How did I help preserve vintage wheat varieties when I’ve never owned more than a measly third-of-an-acre? I got acquainted with wheat breeders at Washington State University in Pullman. They sent me seeds to test based on my climate and organic methods. They also directed me to USDA seed banks so I could request more varieties to try. Many of these old varieties hadn’t been “grown out” for decades. Seed has to be fairly fresh to remain viable, so by growing, harvesting, storing, and keeping careful records of heirloom varieties we help keep them alive. I grew dozens of little patches in the backyard, checkerboards of bowing, graceful grasses. They have names like Pacific Bluestem, Regenerated Defiance, White Fife, Jumbuck, Quality, Burt, Coulee, and a modern upstart from Utah called Golden Spike.

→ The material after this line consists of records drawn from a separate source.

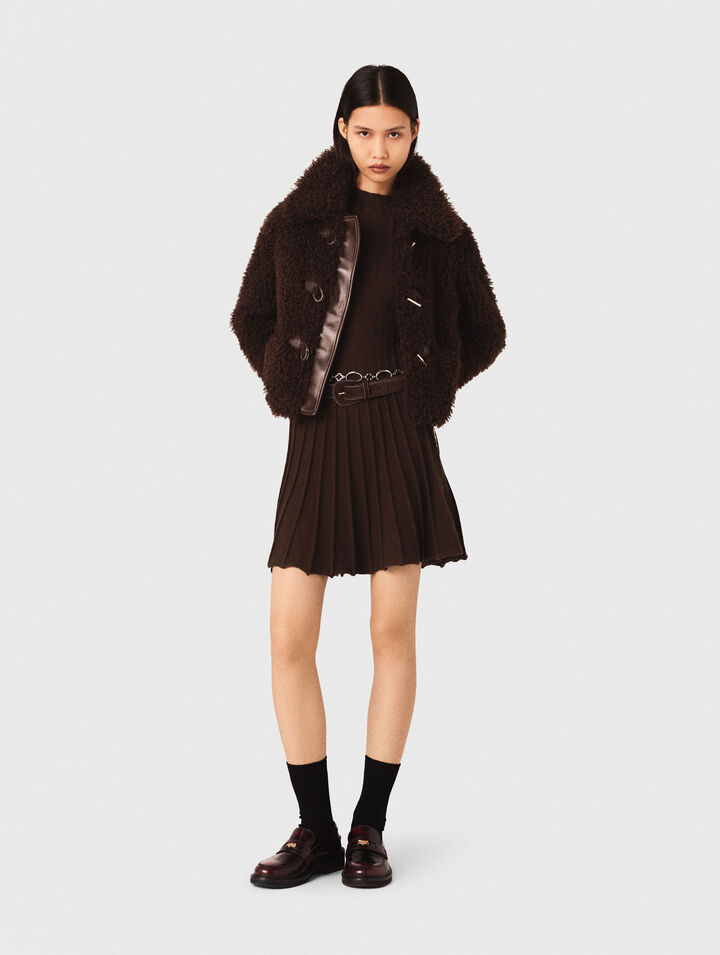 Cappotto corto in spugna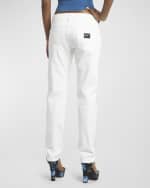 Image 5 of 6: Dolce&Gabbana Low-Rise Straight-Leg Jeans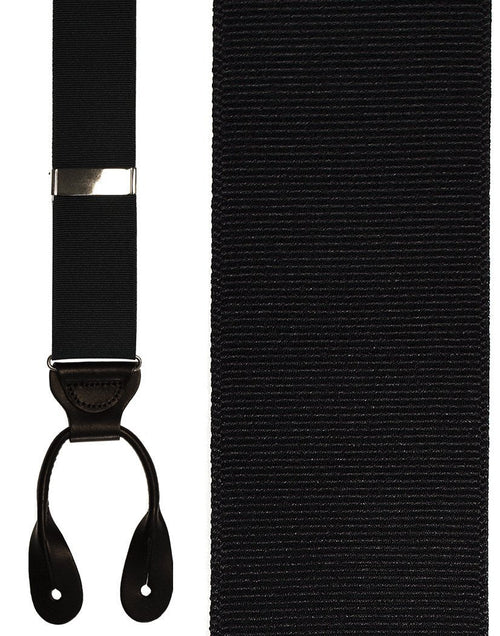 Black Grosgraine Ribbon II Suspenders by Cardi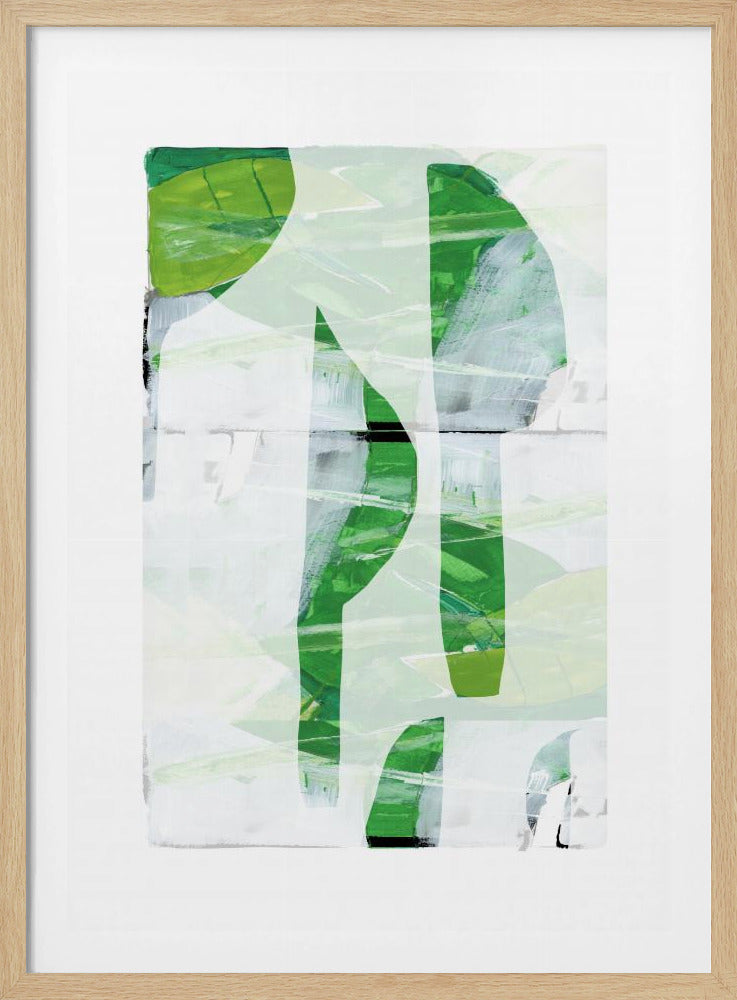 Lime Green Black Abstract No1 | Poster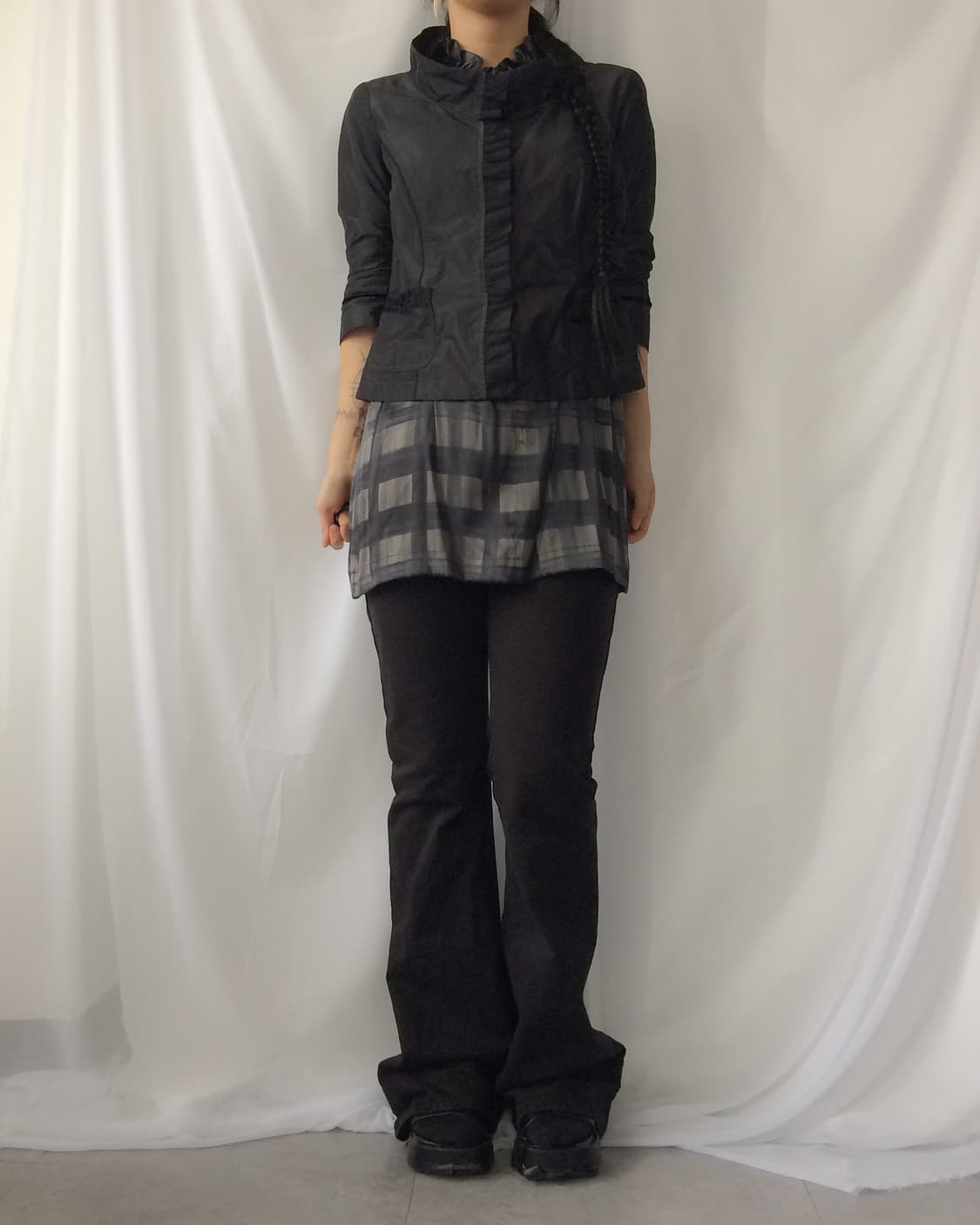 Max mara glossy high neck jacket 상품이미지1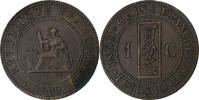 Indochine française Cent Paris, Bronze, KM:1 -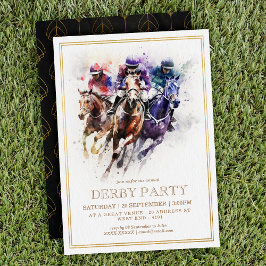 Elegant Horse Tävling Derby Party / Equestrian Inbjudningar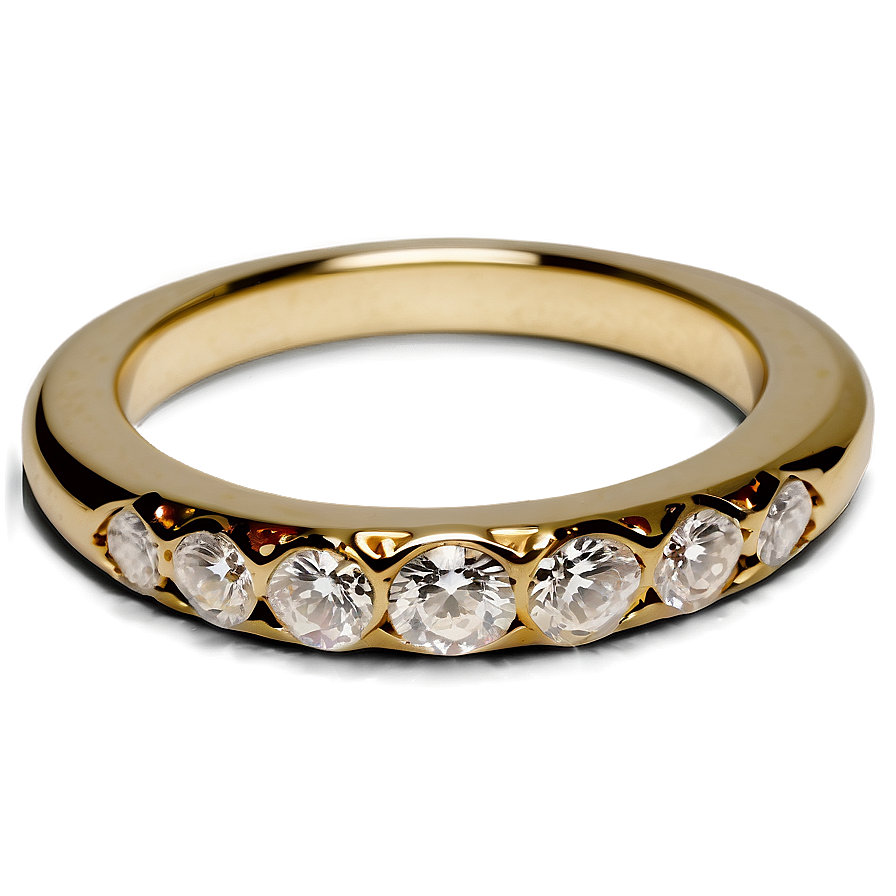 Gold Diamond Ring Png 05032024 PNG image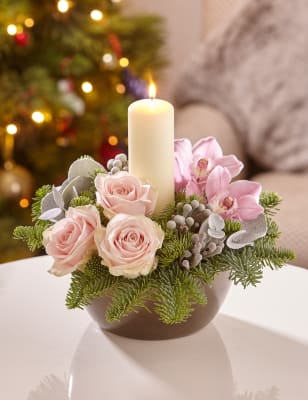 Frosted Christmas Arrangement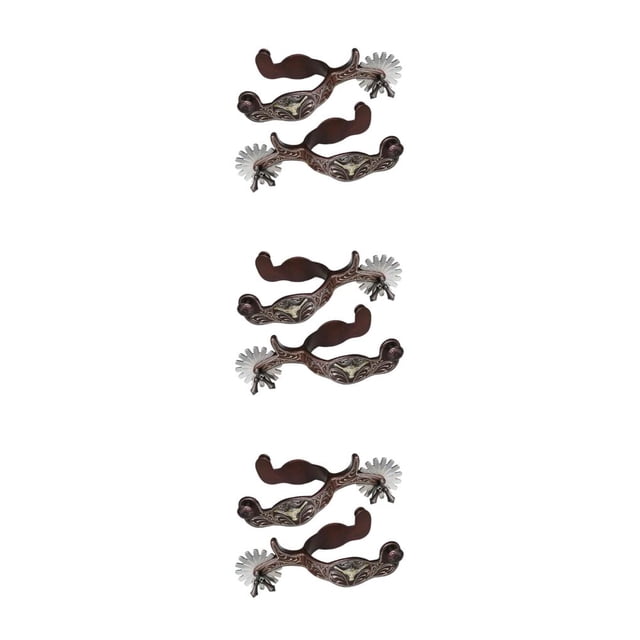 Soidarity 2x espuelas para caballos, espuelas estilo occidental antióxido para equipos de competición, marrón Type1 NO1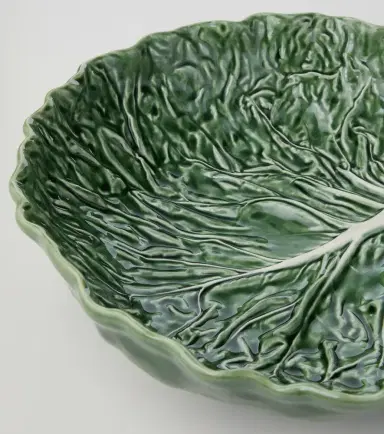 Bordallo Pinheiro Cabbage earthenware salad bowl | Thumbnail 2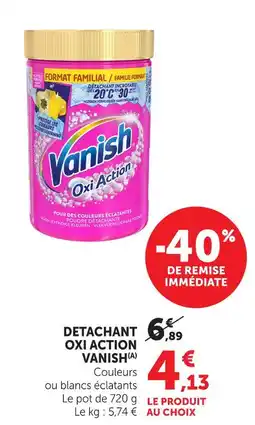 Hyper U Vanish détachant oxi action offre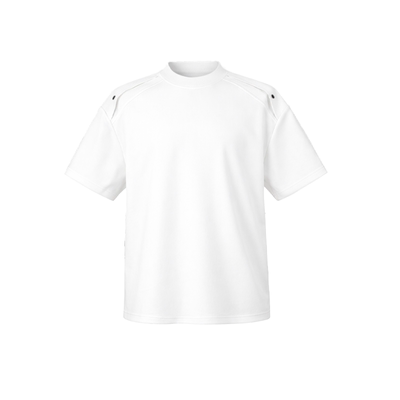 二十二号穿搭夏季小众活页设计款冰凉高级感磁吸扣透气短袖t恤男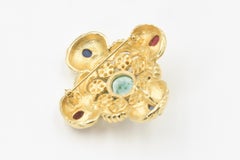 Ciner Jewels of India Moghul Maltese Cross Pendant Brooch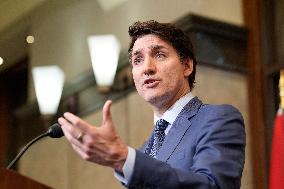 Trudeau Press Conference on Imposed US Tariffs - Ottawa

My husband teases me about how I fuss over those rising stems. We barely grow enough to eat but they are stunning when their whiskered heads form, full and tall. There’s something primal and satisfying about cultivating wheat — the ancient staff of life — right in the backyard. Amazing. I can harvest a tiny remnant of an agricultural legacy stretching back ten thousand years to the Fertile Crescent!

It may not look like much, but if the world goes to hell in a handbasket, we’ll at least have enough wheat to make a dozen pancakes before we’re forced to survive on rangy jackrabbits.